26. It is clear from the above that 'marriage' as recognised by the Courts in India is not the simple relationship recognised by the Courts in England nor is it the same for different individuals in the country, nor is it necessarily always the same for the same 'individual. In these circumstances it becomes meaningless to speak of a lex domicili a lex loci celebrationis or a lex loci contractus in connexion with Indian marriages in general.
27. The determining factor in most cases is the personal law of the parties. Such being the case, I see no reason why the principles recognised in England in connexion with Christian marriages should be applied in India to marriages which are not Christian marriages. In my opinion in order to determine whether any particular marriage is valid in India or not, an Indian Court will have to consider the personal law of the parties and determine, whether the two individuals can contract a valid marriage, and if so, what formalities and ceremonies are requisite in their case. It does not seem by any means clear to me that a Hindu man domiciled in India could not contract a Hindu marriage with a Hindu woman in England--or that a Mohammadan. man domiciled in India could not contract a Mohammadan marriage with a Mohammadan woman in England, which would be held to be valid in India but invalid in England. If J this be so, it follows that the fact that English Courts or French Courts might not recognise a particular marriage as valid if relevant, which I doubt' is not conclusive as to its validity in India.

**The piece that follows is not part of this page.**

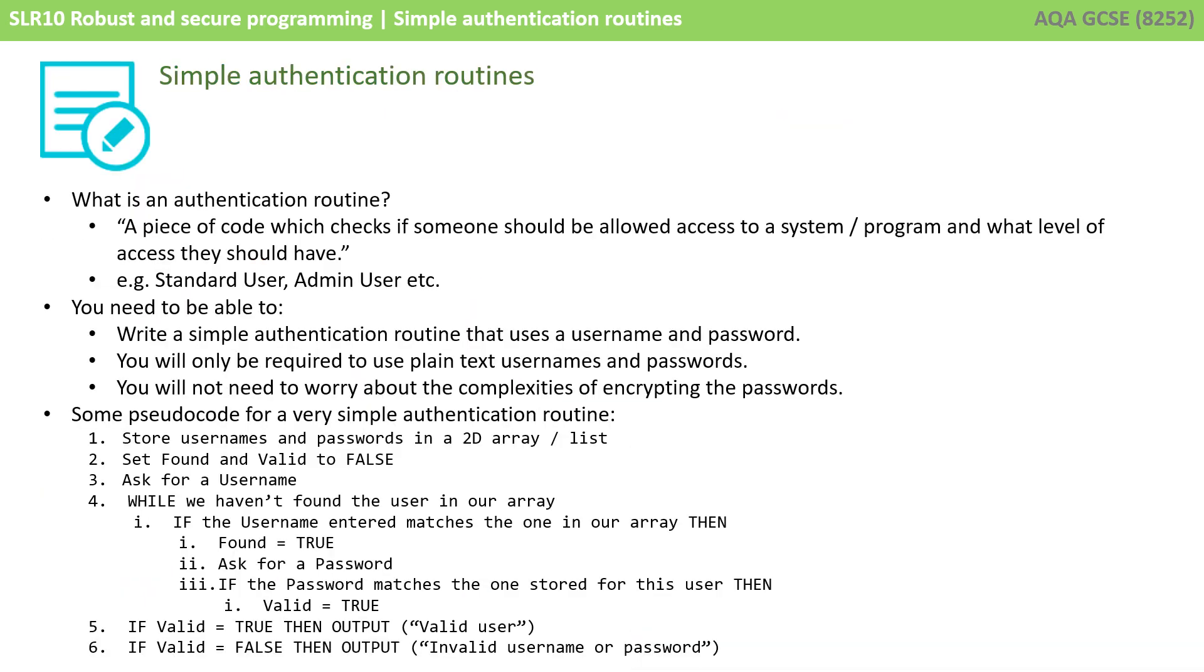So a quick recap then: what is an authentication routine? Well it's a piece of code which checks if someone should be allowed access to a system or program and what level of access they should have. You need to be able to write a simple authentication routine that uses a username and password but you'll only be required to use plain text usernames and passwords. You're not going to worry in exam conditions about the complexities of encrypting passwords which of course you would do with a real password system. And below is the simple pseudocode that we outlined earlier in this video for a very simple authentication routine.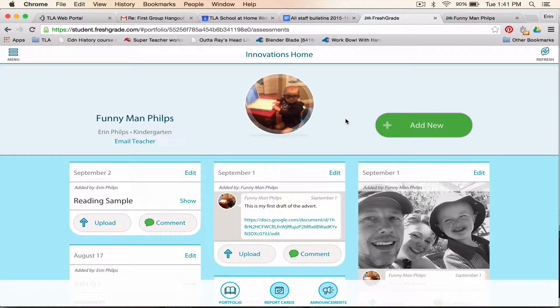Hi everyone, it's Erin Phillips, and I am going to show you how to add a class if your student is participating in more than one class with a teacher who is using FreshGrade.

28. The validity of the marriage must depend-on the personal law of the parties. But as stated above no arguments on this aspect of the case have been placed before me and no attempt has been made to show that a marriage in Paris between a Hindu man domiciled in India and a foreign woman, which is void under the French law is necessarily also void under the Indian law applicable to the par-ties. Therefore even if I had been of opinion that the marriage in Paris in 1931 was void under French law I should not have felt justified in granting the declaration prayed for. In the result therefore this suit is dismissed. I make no order as to costs.